【POJ 3667】 hotel 【线段树 +区间操作+区间合并】

Hotel
Time Limit: 3000MS Memory Limit: 65536K
Total Submissions: 14224 Accepted: 6178
Description
The cows are journeying north to Thunder Bay in Canada to gain cultural enrichment and enjoy a vacation on the sunny shores of Lake Superior. Bessie, ever the competent travel agent, has named the Bullmoose Hotel on famed Cumberland Street as their vacation residence. This immense hotel has N (1 ≤ N ≤ 50,000) rooms all located on the same side of an extremely long hallway (all the better to see the lake, of course).
The cows and other visitors arrive in groups of size Di (1 ≤ Di ≤ N) and approach the front desk to check in. Each group i requests a set of Di contiguous rooms from Canmuu, the moose staffing the counter. He assigns them some set of consecutive room numbers r..r+Di-1 if they are available or, if no contiguous set of rooms is available, politely suggests alternate lodging. Canmuu always chooses the value of r to be the smallest possible.
Visitors also depart the hotel from groups of contiguous rooms. Checkout i has the parameters Xi and Di which specify the vacating of rooms Xi ..Xi +Di-1 (1 ≤ Xi ≤ N-Di+1). Some (or all) of those rooms might be empty before the checkout.
Your job is to assist Canmuu by processing M (1 ≤ M < 50,000) checkin/checkout requests.
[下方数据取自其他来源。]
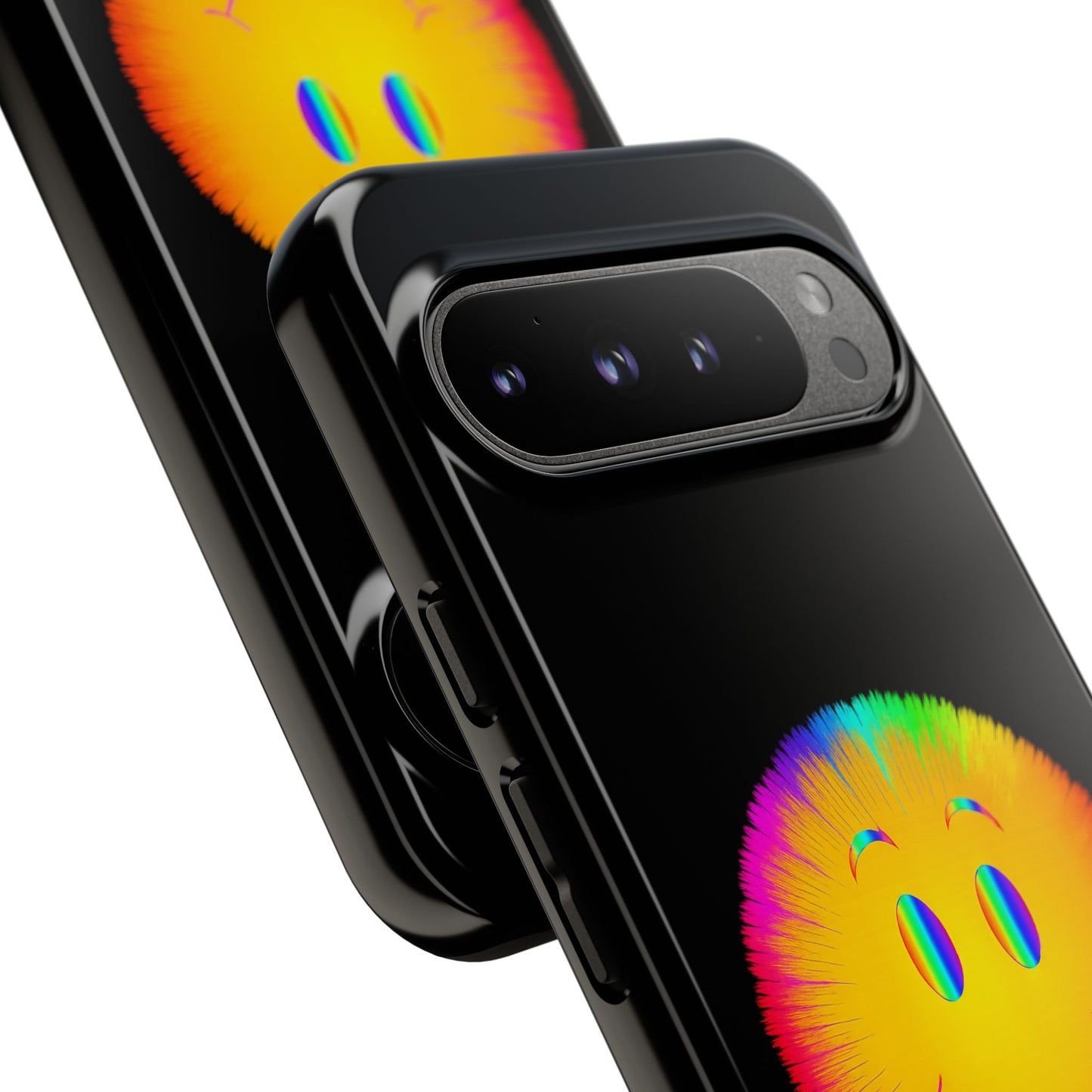 Phone Case — 'Dead Inside, But the Visuals Are Amazing' Rainbow Smiley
The hotel is initially unoccupied.
Input
* Line 1: Two space-separated integers: N and M
* Lines 2..M+1: Line i+1 contains request expressed as one of two possible formats: (a) Two space separated integers representing a check-in request: 1 and Di (b) Three space-separated integers representing a check-out: 2, Xi, and Di
Output
* Lines 1…..: For each check-in request, output a single line with a single integer r, the first room in the contiguous sequence of rooms to be occupied. If the request cannot be satisfied, output 0.
Sample Input
10 6
1 3
1 3
1 3
1 3
2 5 5
1 6
Sample Output
1
4
7
0
5
题意：N个房间，Q此操作。
操作1—— 1 a表示占据一段长度为a的连续的空房间，若有多个满足，尽量选择靠左的，输出选择区间的起点。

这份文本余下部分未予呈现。